# Arnex Pocket Watch



## ford_mechanic1986 (Apr 27, 2011)

Ok guys, looking for any info on this Arnex pocket watch:




























It has 17 Rubies set in it.

Any help appreciated.

Thanks,

Ken


----------



## Julian Latham (Jul 25, 2005)

Movement looks like a Unitas (if you look underneath the balance you should be able to pick out two groups of four numbers) and the dial has the appearance of an American railroad watch - which it isn't.

I think the Americans refer to them as 'Swiss fakes'. Further info' on the web if you enter "swiss fakes pocket watches" into Google.

Hope that is of some help.

Julian (L)


----------



## Krispy (Nov 7, 2010)

I just did a quick search and found this at the top of the list:

http://www.antique-pocket-watch.com/fake-pocket-watches.html

That is interesting - is this a case where a 'fake' watch needn't actually be worthless nor poor quality and in fact may be the opposite. Or am I reading it wrong?!


----------



## ford_mechanic1986 (Apr 27, 2011)

Would the pocket watch be worth getting fixed?


----------



## ford_mechanic1986 (Apr 27, 2011)

Checked under the balance found a T and a U encircled by a clover and two sets of four numbers 6431 and 6445.


----------



## Julian Latham (Jul 25, 2005)

Yup, that's a Unitas movement.

The term 'Swiss fake' does not reflect the quality of the movement, which is pretty good (more Fortnum & Mason than Harrods), only that it doesn't meet the requirement to be used by staff as an official US railway timekeeper.

I have several watches with the same movement and they keep excellent time - well worth getting fettled.

Julian (L)


----------



## mel (Dec 6, 2006)

The history of the Railroad watches determined that they should be of a certain standard as far as timekeeping was concerned - but also, since this was essentially an American standard, a genuine RailRoad Timekeeper was mainly made in America to help and support the American watch industry. The main US makers of the time produced these for the different rail companies and into Canada as well. Some variations of hands exist where trains crossed time zones, but the majority have dials that yours is loosely based upon Ken. :yes:

As well as a minimum standard of accuracy, they had to meet standards of easy readability under different conditions, and be sufficiently robust to withstand the rigours of being a working watch in a fairly rough environment.

A typical railroad's requirements for a watch in the early 1900s might include:

* only American-made watches may be used (depending on availability of spare parts)

* only open-faced dials, with the stem at 12 o'clock

* minimum of 17 functional jewels in the movement

* 16 or 18-size only

* maximum variation of 30 seconds (approximately 4 seconds daily) per weekly check

* watch adjusted to at least five positions: Face up and face down (the positions a watch might commonly take when laid on a flat surface); then crown up, crown pointing left, and crown pointing right (the positions a watch might commonly

take in a pocket). Occasionally a sixth position, crown pointing down, would be included.

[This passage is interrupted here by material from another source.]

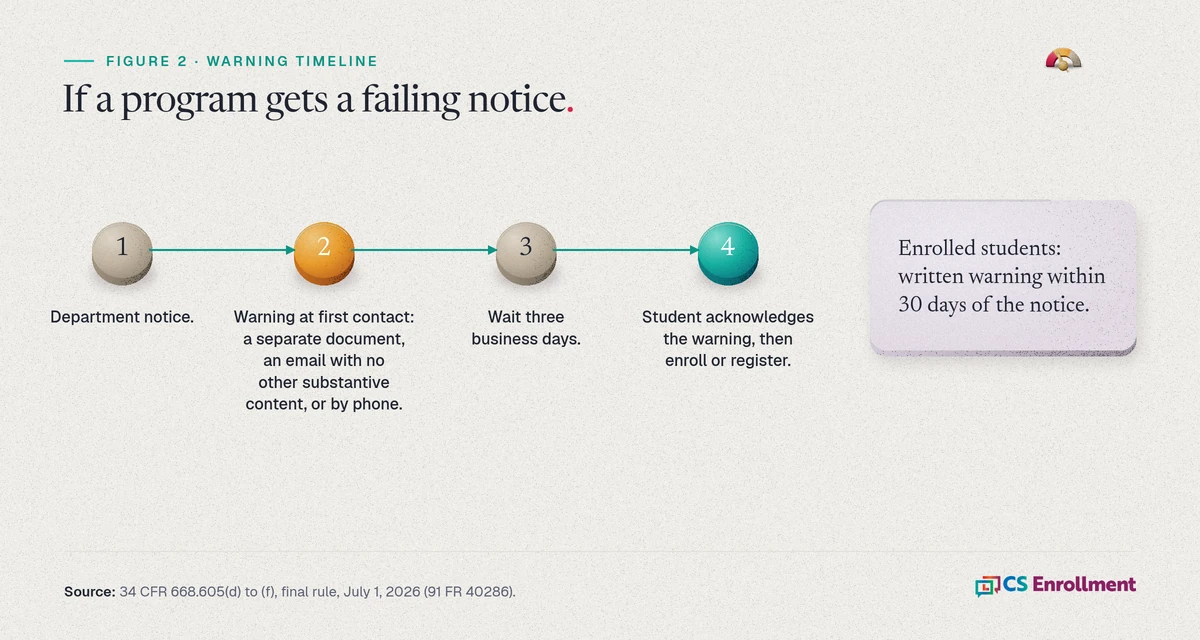 Timeline of four steps: the Department of Education sends a notice; the college delivers a warning at first contact as a separate document, an email with no other substantive content, or by phone; the college waits three business days; then, once the student acknowledges the warning, the student can enroll or register. Enrolled students receive a written warning within 30 days of the notice. Source: 34 CFR 668.605, 91 FR 40286, final rule, July 1, 2026.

* adjusted for severe temperature variance and isochronism (variance in spring tension)

* indication of time with bold legible Arabic numerals, outer minute division, second dial, heavy hands,

* lever used to set the time (no risk of having the stem left out, thus inadvertently setting the watch to an erroneous time)

* Breguet balance spring

* micrometer adjustment regulator

* double roller

* steel escape wheel

* anti-magnetic protection (after the advent of diesel locomotives)

Waltham, Elgin, Hamilton, Illinois all made them. Lots more details on what makes a watch a "Railroad Special" if you Google/Wiki for it. The Swiss ones are maybe "homages" :rofl2: rather than fakes :yes:


----------



## Julian Latham (Jul 25, 2005)

Dug out this image of one of my Molnija pocket watches also having a go at looking like a railway time keeper :lol:


----------



## ford_mechanic1986 (Apr 27, 2011)

Thank you all for the info! I will get it fixed and have the second hand put back on and start my collection.


----------



## AlanJohn (Mar 17, 2011)

ford_mechanic1986 said:


> Thank you all for the info! I will get it fixed and have the second hand put back on and start my collection.


Fake or not, it is a fine looking pocket watch.


----------



## Julian Latham (Jul 25, 2005)

AlanJohn said:


> ford_mechanic1986 said:
> 
> 
> > Thank you all for the info! I will get it fixed and have the second hand put back on and start my collection.
> ...


You have PM.


----------